[Image-text web data]
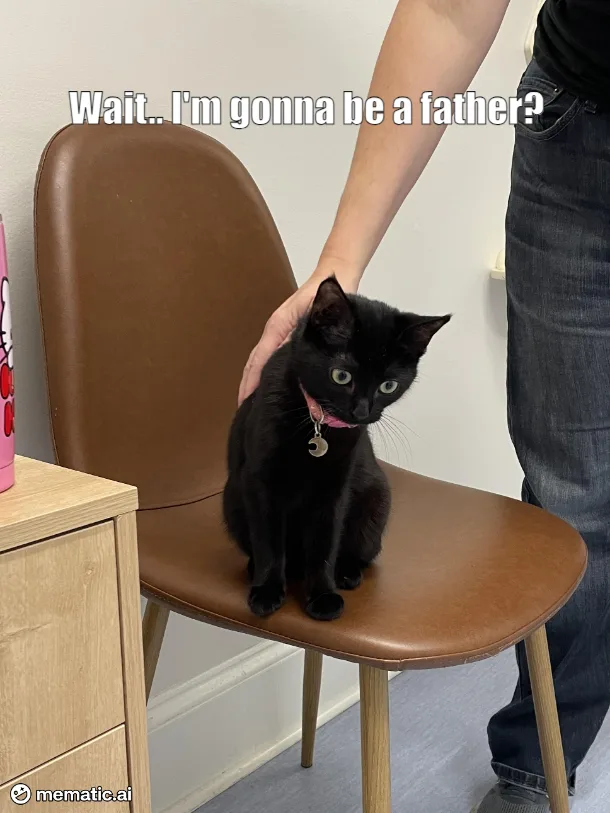 A small black kitten with wide, startled eyes sits on a brown leather chair, looking up as a person's hand pets its back…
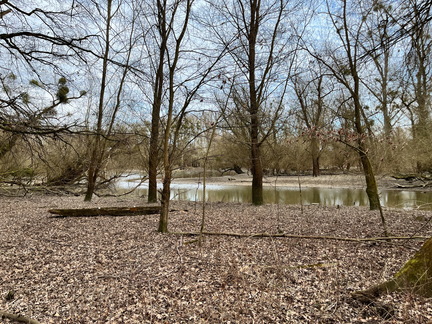 23-02-18 15-01-17 4263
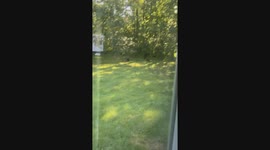 3 bear cubs play under watchful eye of mother in Milaca, Minnesota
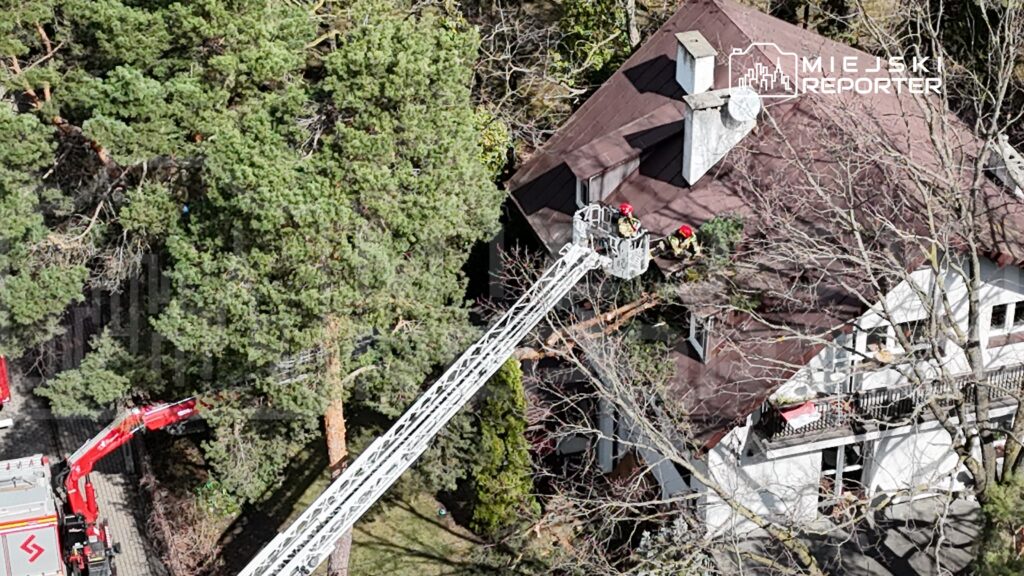 Strażacy w kaskach pracują na dachu budynku, używając podnośnika strażackiego do usunięcia gałęzi.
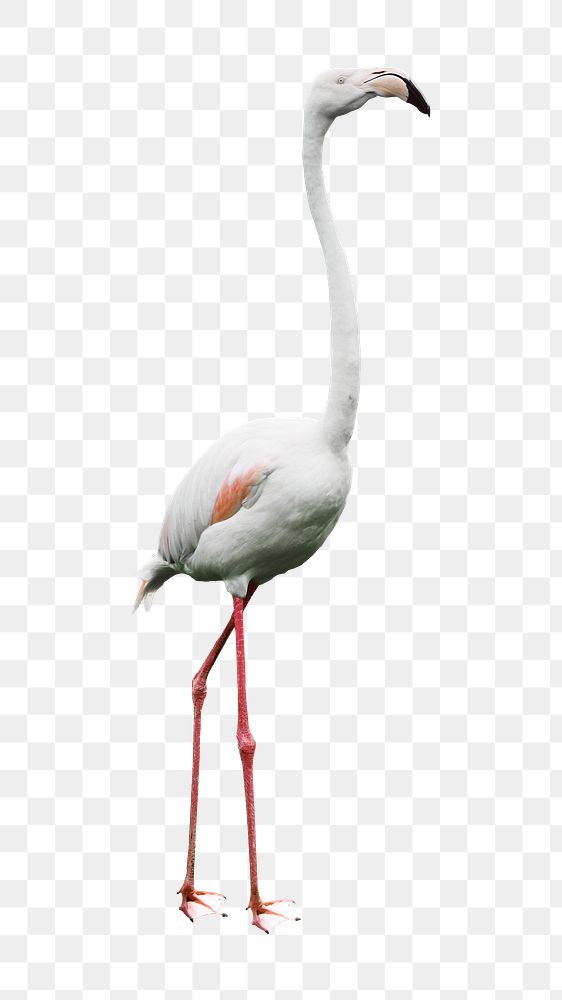 White flamingo bird png sticker, transparent background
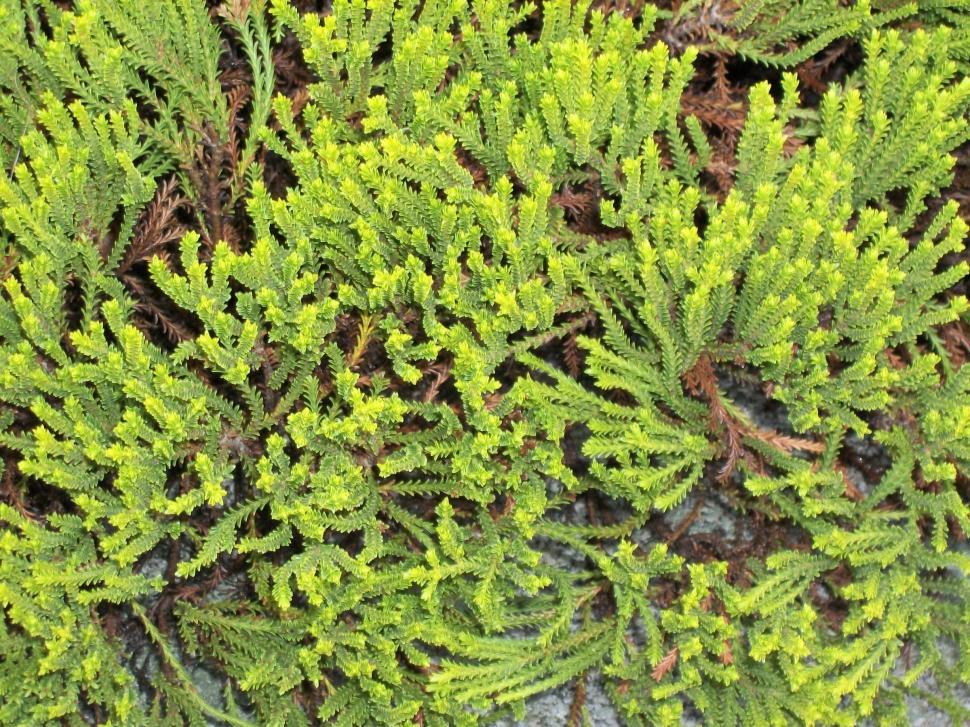 Free Image of Ground Cover 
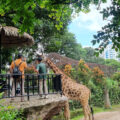 Kebun Binatang Bandung: Destinasi Utama Keluarga di Libur Nataru 2024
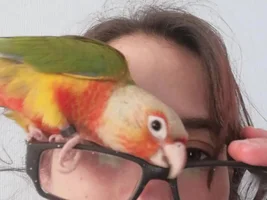 April 2020 POTM Contest!!!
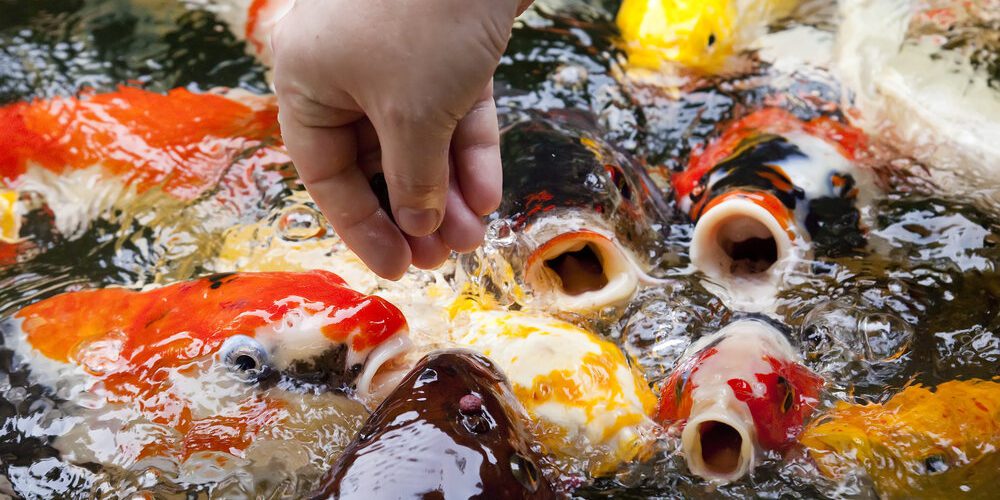 Koi fish come together during feeding process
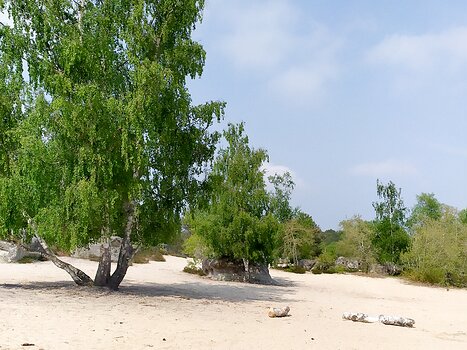 2023-05 25 bosses Alice F, Martine S, Xavier L, détail sortie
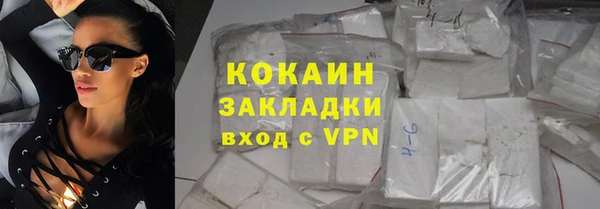 spice Богородицк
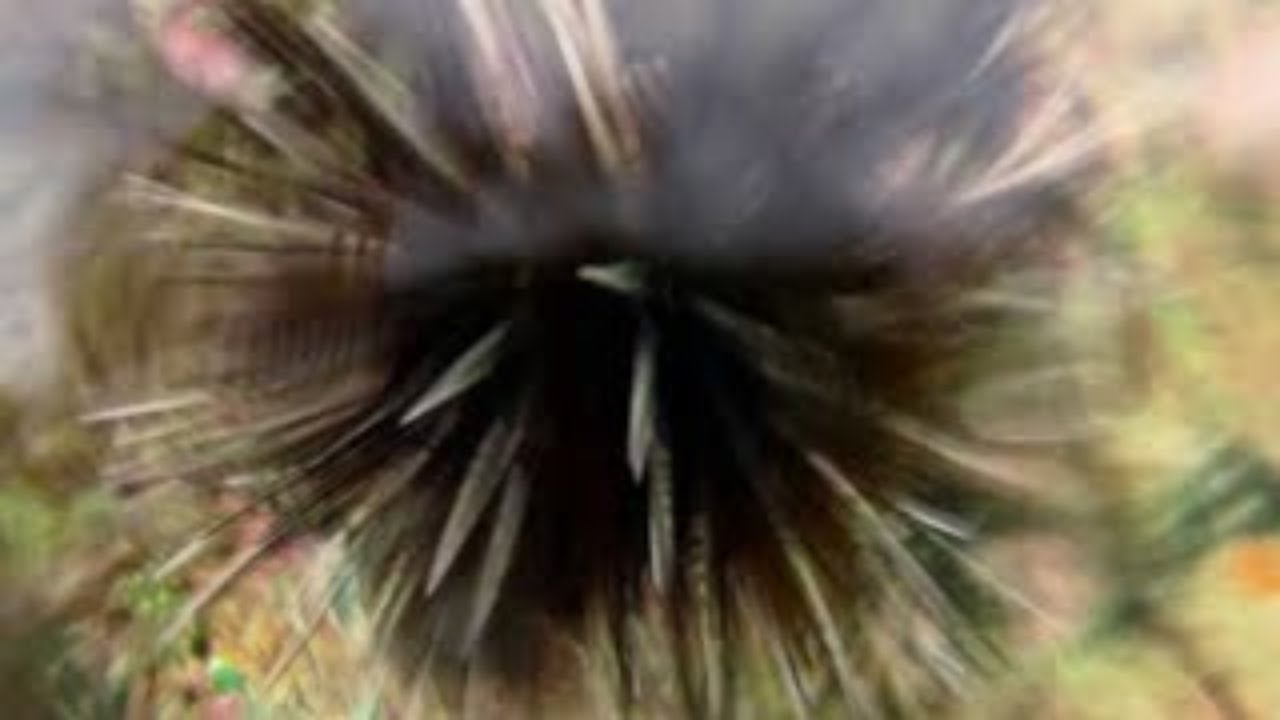 Discover the Secret Life of Helmet Urchins! 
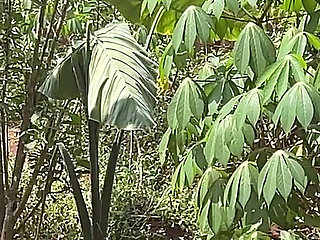 Be Quick so No One Will Catch Us(the Making)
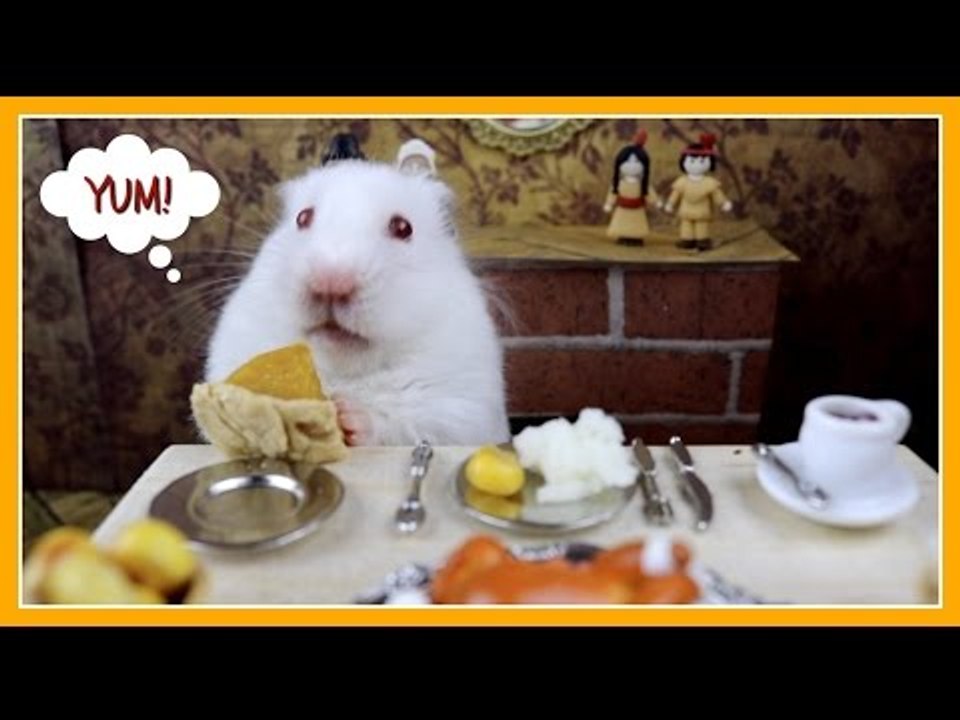 Hamster Eats Teeny Tiny Thanksgiving Dinner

### Task to complete
A word-for-word copy of the records above is needed, pictures excluded.

### Output of the exercise
 A small black kitten with wide, startled eyes sits on a brown leather chair, looking up as a person's hand pets its back…
 23-02-18 15-01-17 4263
 3 bear cubs play under watchful eye of mother in Milaca, Minnesota
 Strażacy w kaskach pracują na dachu budynku, używając podnośnika strażackiego do usunięcia gałęzi.
 White flamingo bird png sticker, transparent background
 Free Image of Ground Cover 
 Kebun Binatang Bandung: Destinasi Utama Keluarga di Libur Nataru 2024
 April 2020 POTM Contest!!!
 Koi fish come together during feeding process
 2023-05 25 bosses Alice F, Martine S, Xavier L, détail sortie
 spice Богородицк
 Discover the Secret Life of Helmet Urchins! 
 Be Quick so No One Will Catch Us(the Making)
 Hamster Eats Teeny Tiny Thanksgiving Dinner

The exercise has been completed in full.